"It was like 'Concrete Jungle' and 'Burnin' and Lootin',' very, some people say, heavy, but the way they put it together didn't feel heavy," Marvin continues. "It was like 'Wow, this is cool, let me dance' and then after you dance you go 'Oh, that's pretty hip lyrics too.' And then you're sucked in before you know it."
Marley might have realized the potency of his messages, which may have been what prompted him to want The Wailers to continue even after his passing.
"It was his request, funny enough, for us to stay together," says Marvin. "It's like a relay race. I got a bat and I'm gonna pass it to you guys. You pass it to somebody else."
To this day, Marvin remembers a focused, disciplined musician even though they only worked together for four years before Marley died in 1981.
"He was on a mission," adds Marvin. "He wanted to bring people together through his music."
Although Marley has been elevated to iconic status since his death, Marvin says that was not his intention.
"I don't think he was striving to be popular," explains Marvin. "It was more to share. Share whatever he felt was good to make people smile and dance and laugh and think about themselves inwardly as well, not just outwardly."
Marvin also realizes that Marley's lyrics and messages weren't just significant to the time period in which they were written.
"We are actually living the reality of a lot of the things he talked about. Like 'War,' America's at war," points out Marvin.

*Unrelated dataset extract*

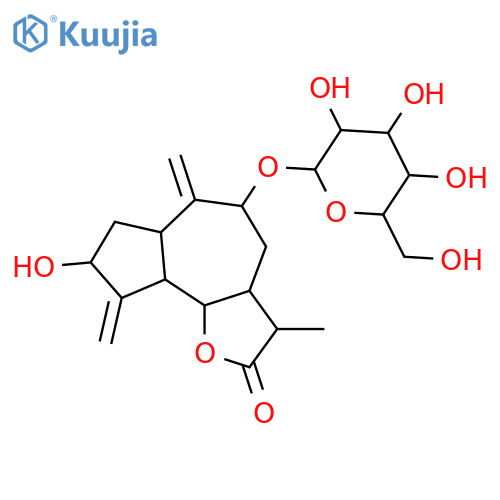 Azuleno[4,5-b]furan-2(3H)-one,5-(b-D-glucopyranosyloxy)decahydro-8-hydroxy-3-methyl-6,9-bis(methylene)-,(3S,3aS,5R,6aR,8S,9aR,9bS)- (9CI) structure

Marley borrowed the lyrics to 'War' from a speech Haile Selassie I (aka Ras Tafari) gave to the United Nations.
"I think the time has come for a big peace movement, which is what Bob started then, 'movement of Jah people,' the One Love Peace Concert in Jamaica," says Marvin. "9/11 was a wake up call for everyone on the planet and now we've gotta learn from that."
"Cultures should work together and share knowledge," says Marvin, "rather than 'tearing each other's throats out.'"
"In the long run, it's gonna be beneficial to everyone to just chill out," he adds.